Virechana is a cleansing procedure in Ayurveda, specifically a part of Panchakarma, which involves the removal of toxins from the body through induced bouts of diarrhea. This process is not a simple case of diarrhea but rather a carefully prepared and executed procedure that takes about 12 days to complete. The first eleven days are dedicated to preparing the body for the final evacuation around the 12th day.
At Himveda, the process begins with a consultation to assess the need for Virechana. Virechana is typically recommended when there is an increase in Pitta or the fire element in the body, which can manifest as inflammations or signs of heat. Some conditions that may warrant Virechana include chronic skin eruptions, migraines, jaundice, bleeding, heartburn, gastritis, ulcers, etc.
Before proceeding with Virechana, the individual’s physical strength is evaluated, as the procedure can be taxing and unsuitable for those physically weak. If the person’s strength is deemed sufficient, Virechana is carried out.
Himveda Clinic offers Virechana treatment, which follows the traditional method. The treatment starts with the patient consuming ghee (clarified butter) internally. The dosage of ghee is gradually increased over 3-7 days.
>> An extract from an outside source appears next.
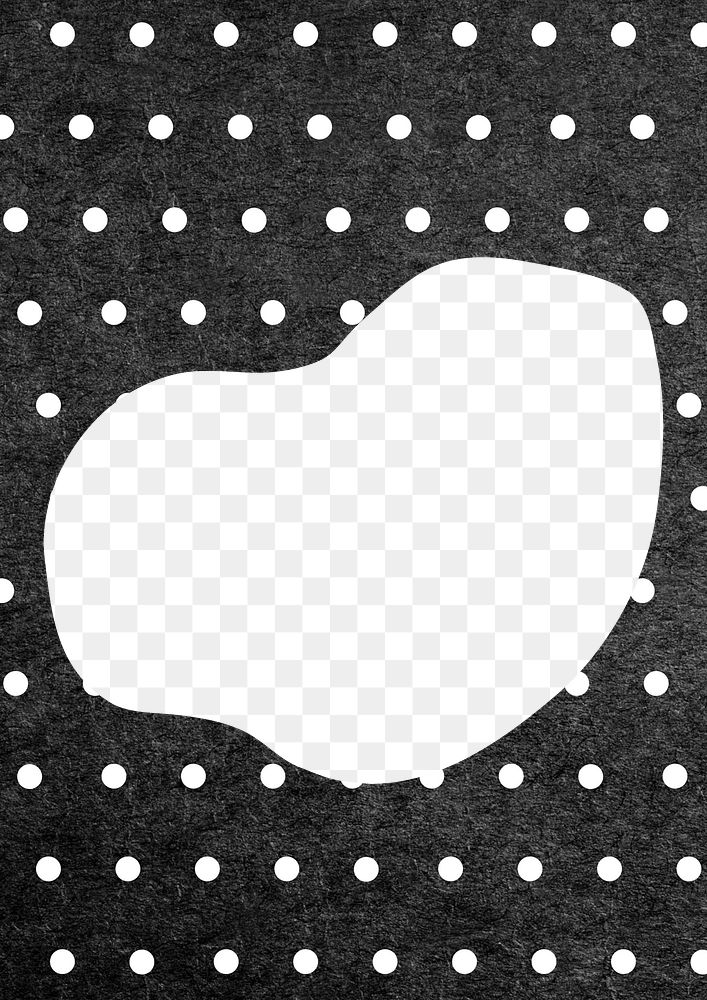 Black png frame, polka dot pattern, transparent background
Ghee days are followed by three days of Abhyanga oil massage and steam box therapy.
Using ghee or oils in a cleanse facilitates removing fat-soluble waste materials from the body. The heat of the steam makes sure the toxins combine nicely with ghee, and the combination is then mobilized towards the liver for excretion.
While waste materials soluble in water can be excreted through urine or sweat, fat-soluble wastes require fat to help eliminate them. Ghee can easily penetrate the fatty cell membranes of our cells and reach deeper tissues. Once there, it binds to fat-soluble toxins, and together, they are transported to the liver to be eliminated as bile. These toxins include fatty acids, environmental pollutants, pesticides, preservatives, parasites, cholesterol, and other fatty impurities.
The gall bladder, which stores and concentrates bile, is stimulated to contract through the consumption of ghee. This process helps to alleviate any congestion in the bile and liver.
Once this bile loaded with toxins reaches the small intestine, it is flushed out of the body through Virechana medicines, resulting in diarrhea.
Usually, because of our poor diet and lifestyle, we have less bile production. To preserve it, bile is reabsorbed seventeen times before being eliminated in the stools, similar to a car engine running on dirty engine oil. This can cause damage to the body, much like how dirty oil can stick to the engine’s pipes and circuits. Virechana aims to remove this build-up of toxins from the deeper tissues and eliminate associated symptoms. The symptoms usually manifest as increased body heat or Pitta. This is the body trying to burn the toxins by increasing the heat r inflammation. So, Virechana is a deep cleansing of the tissues and organs and not merely a cleansing of the intestines. Intestines act as a medium for receiving these toxins and throwing them out.
After undergoing Virechana, the body’s digestion may be weakened as it has eliminated bile, enzymes, and acids. A specific diet is followed to support the recovery process. Initially, simple carbohydrates are introduced, such as rice water. As the digestion improves, rice is mixed in water, and khitchari (a dish made with rice and lentils) is gradually added. This diet is typically continued for 2-3 days, depending on the severity of the diarrhea experienced during Virechana.
The patient must follow certain precautions during Virechana for the success of the treatment. One should be ready to rest, as much activity is not advised. Diet will be controlled, with no daytime sleeping or indulging in sexual activity.